說大家可能未必知道,復仇者聯盟的演員們其實靠著一樣祕密武器,支撐他們在長時間穿著厚重盔甲和裝備下,應付大量武打動作。據國外科技網站《GIZMODO》報導,漫威(Marvel)與美國功能性運動品牌 Under Armour 合作,為復仇者聯盟量身訂製祕密武器──高科技機能緊身衣,兼具保護力與舒適度。

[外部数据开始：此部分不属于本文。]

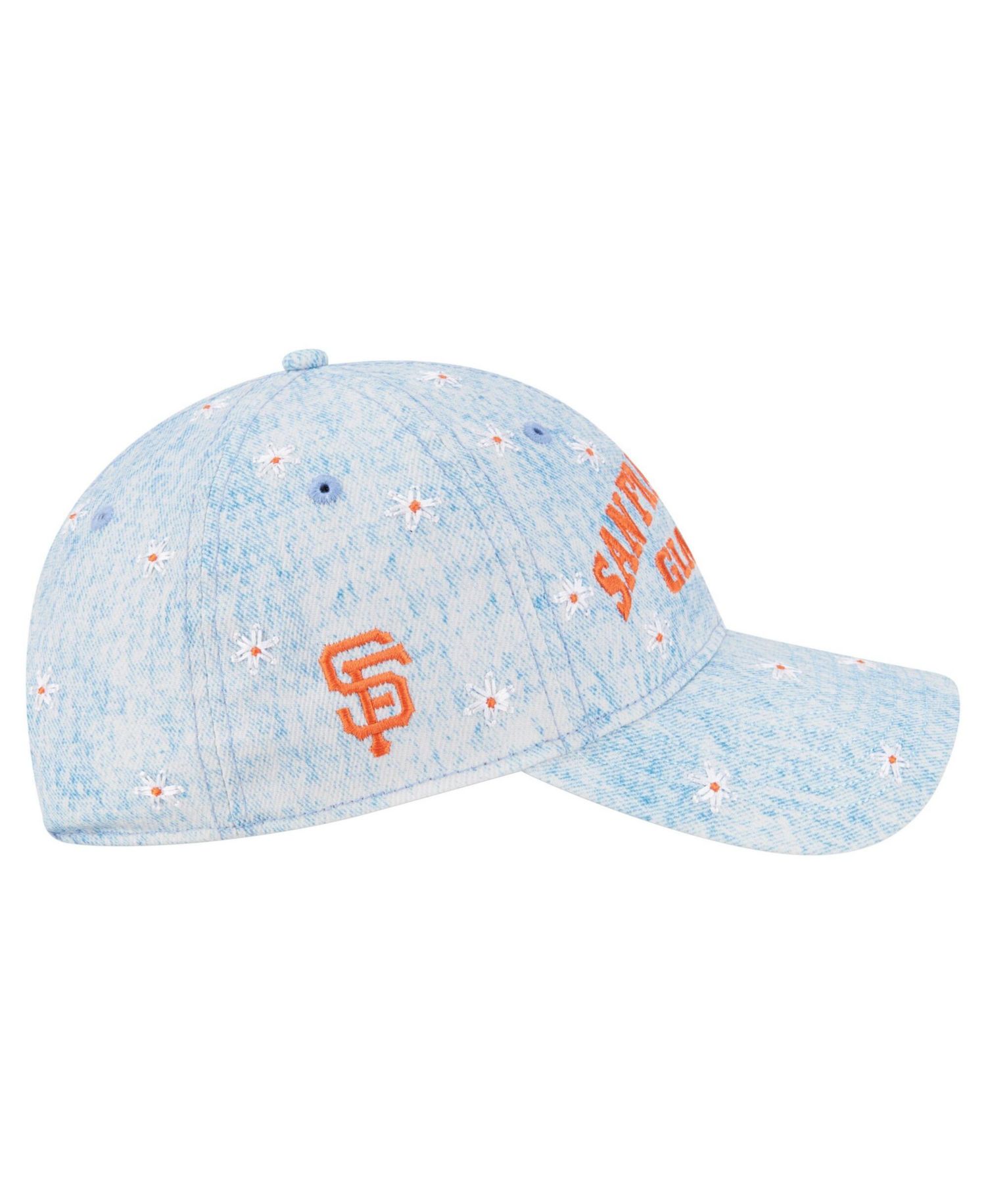 Women's Light Blue San Francisco Giants Daisy All Over 9TWENTY Adjustable Hat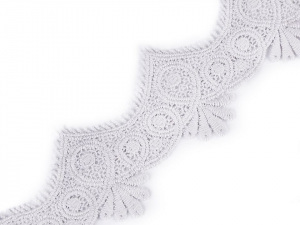 Vyšívaná krajka šíře 60 mm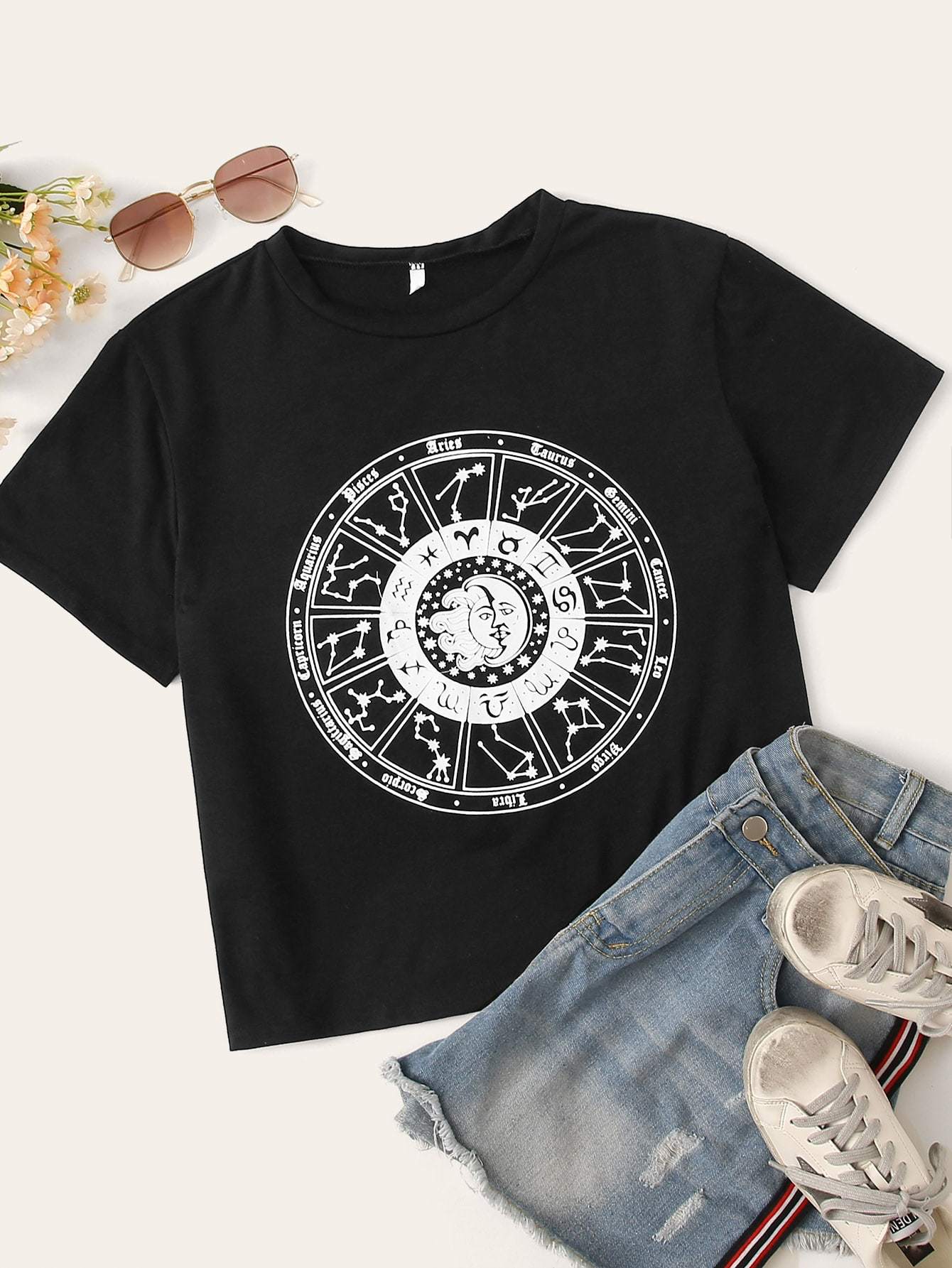 Constellation Disk Print Tee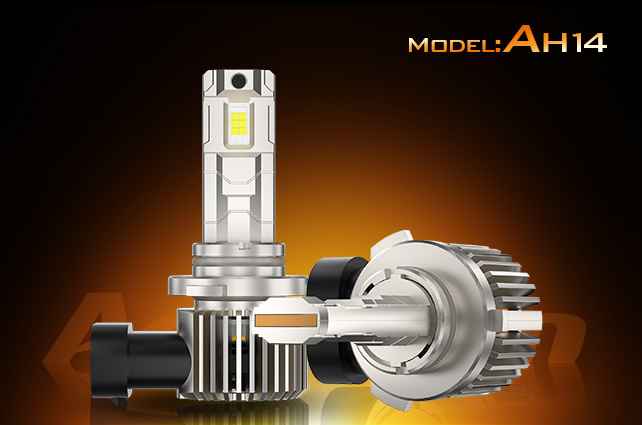 "AH14" LIGHTING UPGRADE DECODING HIGH LIGHT EFFICIENCY LED CAR HEADLIGHTS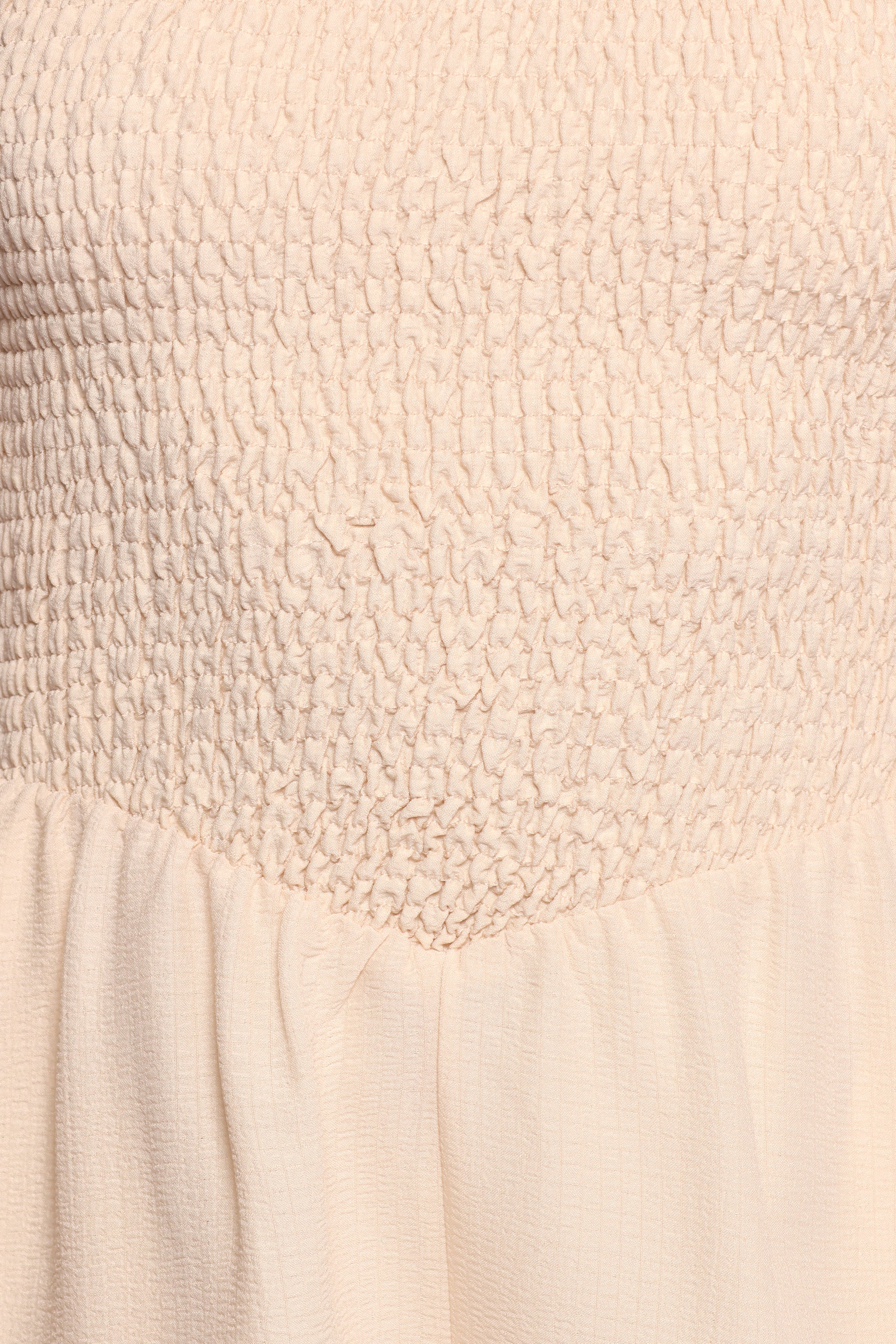 PLAYSUITS Alaric Shirred Playsuit - Cream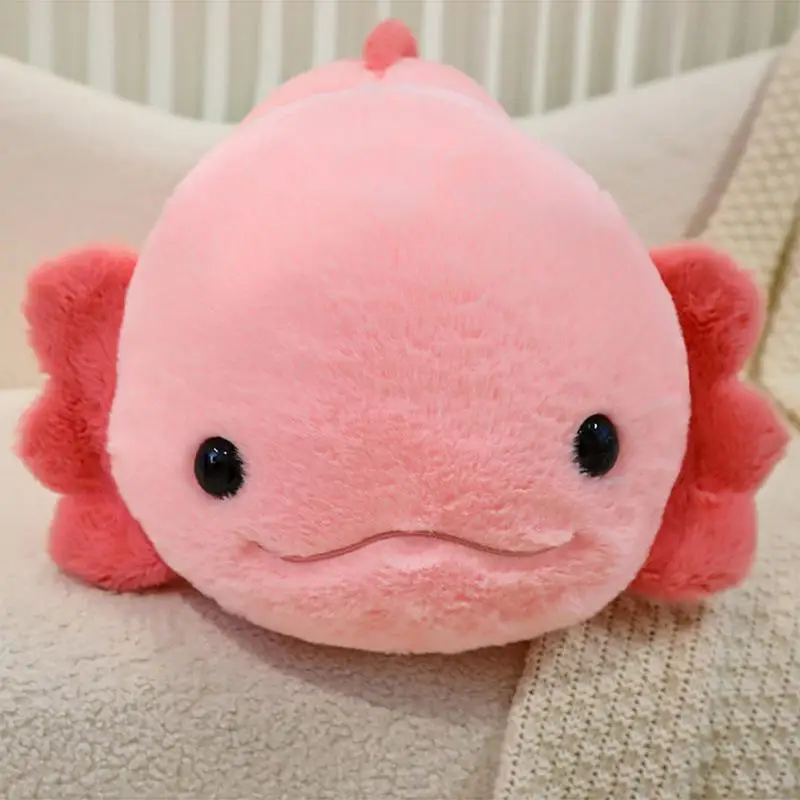 Axolotl 봉제 도롱뇽 봉제 인형 장난감, 부드러운 동물 베개, 귀여운 Axolotl 봉제 동물 봉제 인형, 어린이 및 여성, 17.7 인치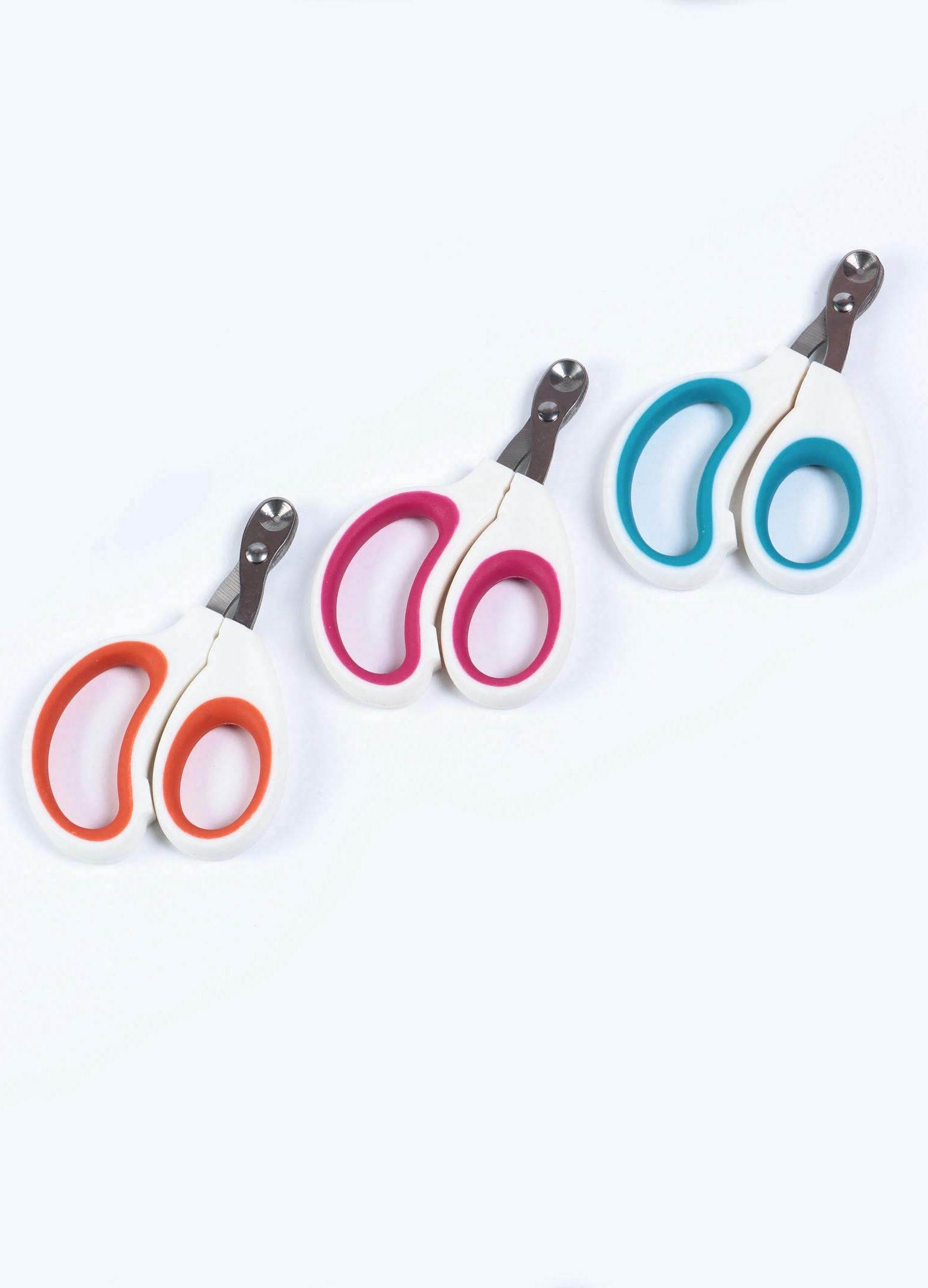 Ножницы - когтерезы c отверстием для когтей, микс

Under Armour 以獨家高科技編織技術打造機能緊身衣,其結構為彈性透氣網層設計,能吸濕排汗並保持乾爽;強力伸縮布料貼身保暖,同時避免摩擦、防止肌肉過度緊繃而扭傷。Under Armour 的產品負責人 Neal Goldman 表示,這批機能緊身衣極具未來感,就像史塔克企業(Stark Industries)所出產的高科技產品那樣。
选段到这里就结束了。